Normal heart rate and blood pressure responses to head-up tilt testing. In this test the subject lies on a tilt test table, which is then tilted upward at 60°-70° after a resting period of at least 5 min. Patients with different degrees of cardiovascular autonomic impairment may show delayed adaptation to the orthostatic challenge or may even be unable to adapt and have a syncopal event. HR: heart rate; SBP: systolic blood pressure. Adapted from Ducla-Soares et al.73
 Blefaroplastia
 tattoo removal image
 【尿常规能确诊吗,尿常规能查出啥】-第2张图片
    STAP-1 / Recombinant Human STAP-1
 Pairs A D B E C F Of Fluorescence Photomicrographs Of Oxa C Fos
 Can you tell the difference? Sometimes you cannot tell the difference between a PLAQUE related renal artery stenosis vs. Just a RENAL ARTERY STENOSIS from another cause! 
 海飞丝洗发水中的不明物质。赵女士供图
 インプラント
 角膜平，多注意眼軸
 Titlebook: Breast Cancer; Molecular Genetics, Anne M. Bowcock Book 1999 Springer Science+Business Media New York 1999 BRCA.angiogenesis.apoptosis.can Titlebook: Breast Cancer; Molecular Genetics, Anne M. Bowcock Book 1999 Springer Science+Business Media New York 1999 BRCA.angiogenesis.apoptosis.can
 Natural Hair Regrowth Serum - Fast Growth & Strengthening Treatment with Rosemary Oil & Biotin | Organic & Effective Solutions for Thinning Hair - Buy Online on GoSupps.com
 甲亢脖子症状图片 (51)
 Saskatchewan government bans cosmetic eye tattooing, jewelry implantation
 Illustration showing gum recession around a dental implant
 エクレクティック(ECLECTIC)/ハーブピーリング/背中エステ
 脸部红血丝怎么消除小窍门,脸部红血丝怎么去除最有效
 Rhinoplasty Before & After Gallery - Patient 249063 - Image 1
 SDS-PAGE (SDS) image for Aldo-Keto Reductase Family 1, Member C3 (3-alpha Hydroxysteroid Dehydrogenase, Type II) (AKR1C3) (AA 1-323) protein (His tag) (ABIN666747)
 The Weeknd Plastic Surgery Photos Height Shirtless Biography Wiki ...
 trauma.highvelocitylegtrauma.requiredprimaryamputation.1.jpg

====

[ASSIGNMENT]
The records shown above are to be copied exactly, every one of them.

[TASK OUTPUT]
Normal heart rate and blood pressure responses to head-up tilt testing. In this test the subject lies on a tilt test table, which is then tilted upward at 60°-70° after a resting period of at least 5 min. Patients with different degrees of cardiovascular autonomic impairment may show delayed adaptation to the orthostatic challenge or may even be unable to adapt and have a syncopal event. HR: heart rate; SBP: systolic blood pressure. Adapted from Ducla-Soares et al.73
 Blefaroplastia
 tattoo removal image
 【尿常规能确诊吗,尿常规能查出啥】-第2张图片
    STAP-1 / Recombinant Human STAP-1
 Pairs A D B E C F Of Fluorescence Photomicrographs Of Oxa C Fos
 Can you tell the difference? Sometimes you cannot tell the difference between a PLAQUE related renal artery stenosis vs. Just a RENAL ARTERY STENOSIS from another cause! 
 海飞丝洗发水中的不明物质。赵女士供图
 インプラント
 角膜平，多注意眼軸
 Titlebook: Breast Cancer; Molecular Genetics, Anne M. Bowcock Book 1999 Springer Science+Business Media New York 1999 BRCA.angiogenesis.apoptosis.can Titlebook: Breast Cancer; Molecular Genetics, Anne M. Bowcock Book 1999 Springer Science+Business Media New York 1999 BRCA.angiogenesis.apoptosis.can
 Natural Hair Regrowth Serum - Fast Growth & Strengthening Treatment with Rosemary Oil & Biotin | Organic & Effective Solutions for Thinning Hair - Buy Online on GoSupps.com
 甲亢脖子症状图片 (51)
 Saskatchewan government bans cosmetic eye tattooing, jewelry implantation
 Illustration showing gum recession around a dental implant
 エクレクティック(ECLECTIC)/ハーブピーリング/背中エステ
 脸部红血丝怎么消除小窍门,脸部红血丝怎么去除最有效
 Rhinoplasty Before & After Gallery - Patient 249063 - Image 1
 SDS-PAGE (SDS) image for Aldo-Keto Reductase Family 1, Member C3 (3-alpha Hydroxysteroid Dehydrogenase, Type II) (AKR1C3) (AA 1-323) protein (His tag) (ABIN666747)
 The Weeknd Plastic Surgery Photos Height Shirtless Biography Wiki ...
 trauma.highvelocitylegtrauma.requiredprimaryamputation.1.jpg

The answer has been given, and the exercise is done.